I’ll kick this off by explaining what I’m trying to do. I’m working on a virtual reality wind generator for use with my Oculus Rift while playing GTA 5 (among other games). I get the speed value through a memory address used by the game, then export that value to a text file with a LUA script, then feed that text file to the Arduino through the Processing IDE. Everything is working fairly well (I think) up until I try to fine tune my fan speed. It’s a large 150mm 12v fan hooked into the Adafruit Motor Shield. Here is the Arduino code I’m using to test it out:

#include <AFMotor.h>

AF_DCMotor fan(4, MOTOR34_64KHZ); // create motor #4, 64KHz pwm

void setup() {

  Serial.begin(9600);           // set up Serial library at 9600 bps
    
  fan.setSpeed(200);     // set the speed to 200/255
}

void loop() {
  
  fan.run(FORWARD);      

}

Here is the info on the Adafruit Shield I’m using.

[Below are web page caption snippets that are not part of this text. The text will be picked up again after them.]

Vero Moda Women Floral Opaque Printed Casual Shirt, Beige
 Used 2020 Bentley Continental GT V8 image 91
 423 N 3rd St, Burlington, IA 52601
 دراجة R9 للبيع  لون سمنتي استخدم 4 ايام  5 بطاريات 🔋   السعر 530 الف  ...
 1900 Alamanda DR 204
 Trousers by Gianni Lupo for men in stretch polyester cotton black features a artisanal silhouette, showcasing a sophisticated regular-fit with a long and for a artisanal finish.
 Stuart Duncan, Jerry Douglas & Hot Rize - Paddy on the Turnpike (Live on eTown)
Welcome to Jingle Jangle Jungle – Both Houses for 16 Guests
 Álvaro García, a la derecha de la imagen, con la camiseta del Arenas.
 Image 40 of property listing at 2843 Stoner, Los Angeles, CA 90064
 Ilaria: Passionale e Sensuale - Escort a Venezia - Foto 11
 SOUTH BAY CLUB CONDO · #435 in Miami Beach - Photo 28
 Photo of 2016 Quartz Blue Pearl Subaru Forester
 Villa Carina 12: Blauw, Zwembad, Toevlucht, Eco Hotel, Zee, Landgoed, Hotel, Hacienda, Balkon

Running the fan at 255 seems to work as it should, but when I decrease the speed, it starts behaving erratically and sort of pulses, rather than spinning at a constant speed. It will not spin up with a speed of anything less than 150. Given the nature of the project, I’ll need somewhat precise control over the fan speed and I’ll need to be able to spin the fan at slower speeds. Any ideas on how to get it spinning at a constant slower rate instead of having it pulse when I lower the speed value?

SIDE NOTE: As I understand it, most 12v PWM fans use a frequency of 25khz. The Adafruit Motor Shield uses 64, 8, 2, and 1khz PWM frequencies. Could this be causing it to behave strangely?

SIDE NOTE 2: This is a PWM fan, but using the PWM pin that’s built into the fan causes some really strange behavior as well. There is a lot of delay when changing the fan speed, which simply won’t work for this project. I’m trying the Adafruit Motor Shield as an attempt at having more precise control over the fan’s speed.

…and the model number or datasheet for the fan? That’s the more important detail.

It’s probably a brushless fan with its own motor controller. It won’t work* with PWM. A brushed fan is what you need, as it has no controller on board.

*“won’t work” = pretty much the behaviour you’re describing

This is the fan I’m using. I couldn’t find a datasheet for it anywhere.

Yeah it’s a brushless fan and I’m sure it has it’s own PWM controller, but I’m only using the + and - wires from the fan and using the Adafruit shield + Arduino to control PWM, so wouldn’t that bypass the fan’s built-in controller? It seems like it would treat it as any other DC motor.

I’ve tried my setup with a smaller fan (also brushless) powered directly by one of the Arduino’s PWM pins, and it worked flawlessly. It spun at constant rates and sped up and slowed down exactly as I told it to. The problem is there just isn’t enough juice to power a larger fan, so here I am.

No, the brushless controller works to keep the fan spinning regardless of fluctuations in the input voltage. It is trying to do its job and you are fighting it.

You got lucky with the little one - extremely lucky as even a small fan can burn out an Arduino output pin. 40mA maximum is only 0.2W and that's a terribly small amount of power for a fan.

Get a regular brushed fan or a smarter fan that has a speed control and a datasheet that tells you how to drive it.